> _WHAT IS NEEDED_: The required output is the exact run of lines in the listing below from the line holding "Rehousing two tarantulas, Lasiodora" through the line holding "Physical Panoramic Map", with no pictures.

> _INPUT DATA_:

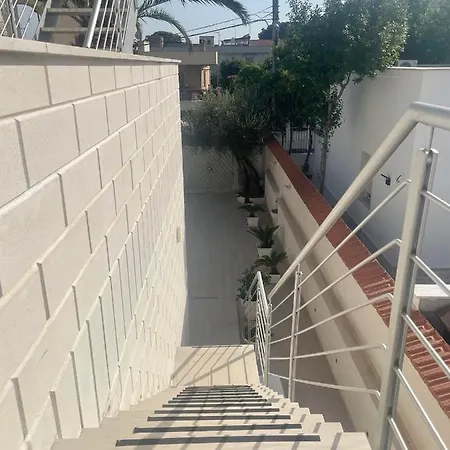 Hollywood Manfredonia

--

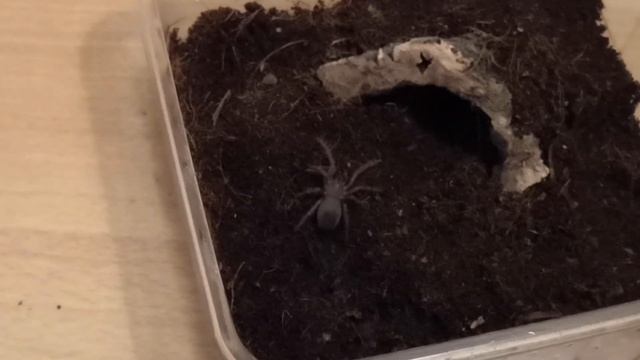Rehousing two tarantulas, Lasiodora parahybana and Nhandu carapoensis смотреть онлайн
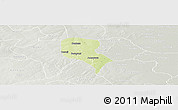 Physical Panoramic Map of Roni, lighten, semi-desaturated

> _OUTPUT BELOW_:
Rehousing two tarantulas, Lasiodora parahybana and Nhandu carapoensis смотреть онлайн
 Physical Panoramic Map of Roni, lighten, semi-desaturated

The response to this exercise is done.